From: Michal Hocko <mhocko@kernel.org>
To: Shakeel Butt <shakeelb@google.com>
Cc: syzbot <syzbot+d0fc9d3c166bc5e4a94b@syzkaller.appspotmail.com>,
"Andrew Morton" <akpm@linux-foundation.org>,
"Eric W. Biederman" <ebiederm@xmission.com>,
"Roman Gushchin" <guro@fb.com>,
"Johannes Weiner" <hannes@cmpxchg.org>,
"Jérôme Glisse" <jglisse@redhat.com>,
LKML <linux-kernel@vger.kernel.org>,
"Linux MM" <linux-mm@kvack.org>,
"Tetsuo Handa" <penguin-kernel@i-love.sakura.ne.jp>,
syzkaller-bugs <syzkaller-bugs@googlegroups.com>,
yuzhoujian@didichuxing.com
Subject: Re: general protection fault in oom_unkillable_task
Date: Sat, 15 Jun 2019 15:49:55 +0200 [thread overview]
Message-ID: <20190615134955.GA28441@dhcp22.suse.cz> (raw)
In-Reply-To: <CALvZod72=KuBZkSd0ey5orJFGFpwx462XY=cZvO3NOXC0MogFw@mail.gmail.com>
On Fri 14-06-19 20:15:31, Shakeel Butt wrote:
> On Fri, Jun 14, 2019 at 6:08 PM syzbot
> <syzbot+d0fc9d3c166bc5e4a94b@syzkaller.appspotmail.com> wrote:
> >
> > Hello,
> >
> > syzbot found the following crash on:
> >
> > HEAD commit: 3f310e51 Add linux-next specific files for 20190607
> > git tree: linux-next
> > console output: https://syzkaller.appspot.com/x/log.txt?x=15ab8771a00000
> > kernel config: https://syzkaller.appspot.com/x/.config?x=5d176e1849bbc45
> > dashboard link: https://syzkaller.appspot.com/bug?extid=d0fc9d3c166bc5e4a94b
> > compiler: gcc (GCC) 9.0.0 20181231 (experimental)
> >
> > Unfortunately, I don't have any reproducer for this crash yet.
> >
> > IMPORTANT: if you fix the bug, please add the following tag to the commit:
> > Reported-by: syzbot+d0fc9d3c166bc5e4a94b@syzkaller.appspotmail.com
> >
> > kasan: CONFIG_KASAN_INLINE enabled
> > kasan: GPF could be caused by NULL-ptr deref or user memory access
> > general protection fault: 0000 [#1] PREEMPT SMP KASAN
> > CPU: 0 PID: 28426 Comm: syz-executor.5 Not tainted 5.2.0-rc3-next-20190607
> > #11
> > Hardware name: Google Google Compute Engine/Google Compute Engine, BIOS
> > Google 01/01/2011
> > RIP: 0010:__read_once_size include/linux/compiler.h:194 [inline]
> > RIP: 0010:has_intersects_mems_allowed mm/oom_kill.c:84 [inline]
>
> It seems like oom_unkillable_task() is broken for memcg OOMs.
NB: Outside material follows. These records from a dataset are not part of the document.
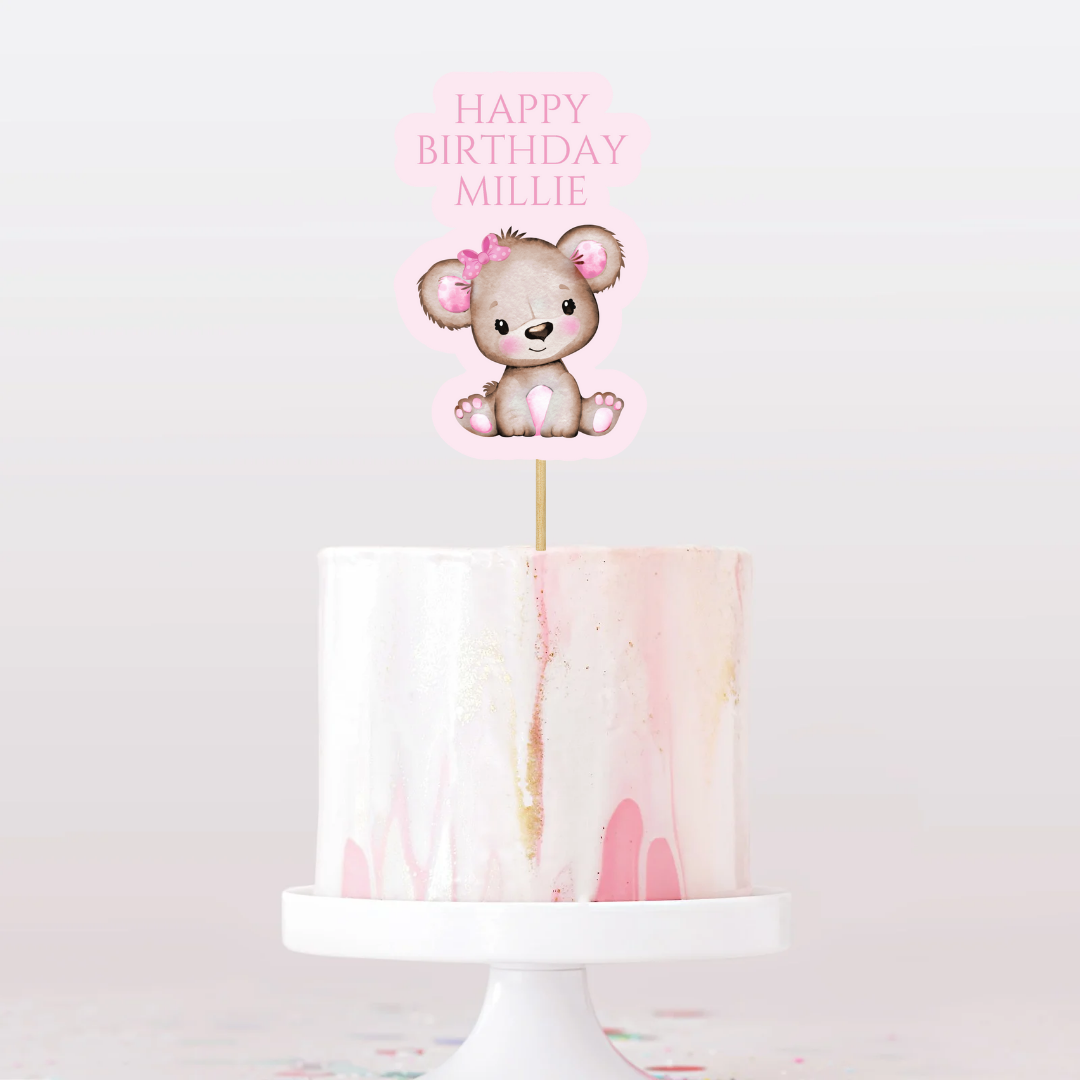 Cake Topper | Personalised Pink Teddy Bear Cake Topper | Pink Teddy Bear Party Supplies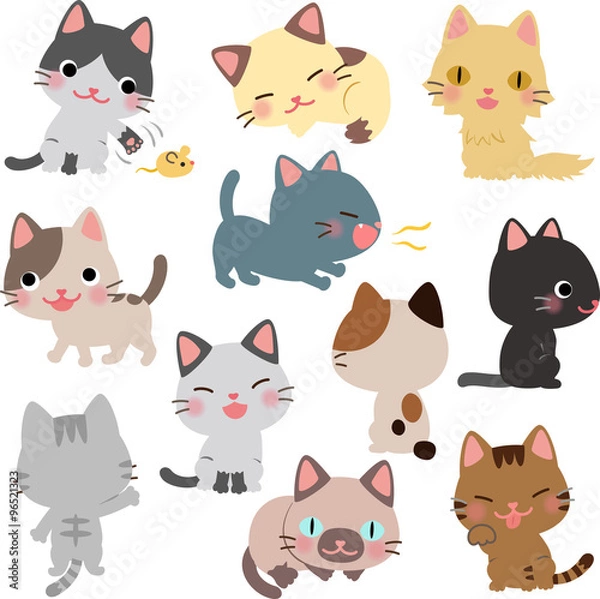 Fototapeta 猫のイラストセット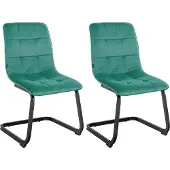 CLP lot de 2 chaises de salle à manger Vermont velours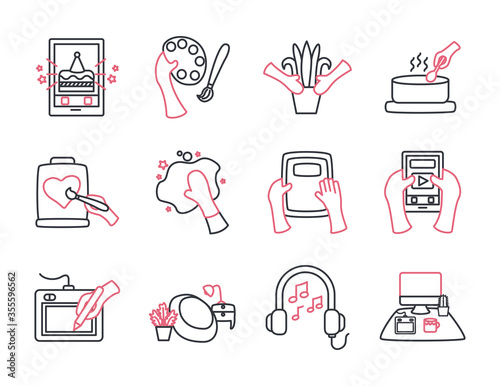 Things to do at home line style icon set vector design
It
> should not be calling has_intersects_mems_allowed() for memcg OOMs.
You are right. It doesn't really make much sense to check for the NUMA
policy/cpusets when the memcg oom is NUMA agnostic. Now that I am
looking at the code then I am really wondering why do we even call
oom_unkillable_task from oom_badness. proc_oom_score shouldn't care
about NUMA either.
In other words the following should fix this unless I am missing
something (task_in_mem_cgroup seems to be a relict from before the group
oom handling). But please note that I am still not fully operation and
laying in the bed.
diff --git a/mm/oom_kill.c b/mm/oom_kill.c
index 5a58778c91d4..43eb479a5dc7 100644
--- a/mm/oom_kill.c
+++ b/mm/oom_kill.c
@@ -161,8 +161,8 @@ static bool oom_unkillable_task(struct task_struct *p,
return true;
/* When mem_cgroup_out_of_memory() and p is not member of the group */
- if (memcg && !task_in_mem_cgroup(p, memcg))
- return true;
+ if (memcg)
+ return false;
/* p may not have freeable memory in nodemask */
if (!has_intersects_mems_allowed(p, nodemask))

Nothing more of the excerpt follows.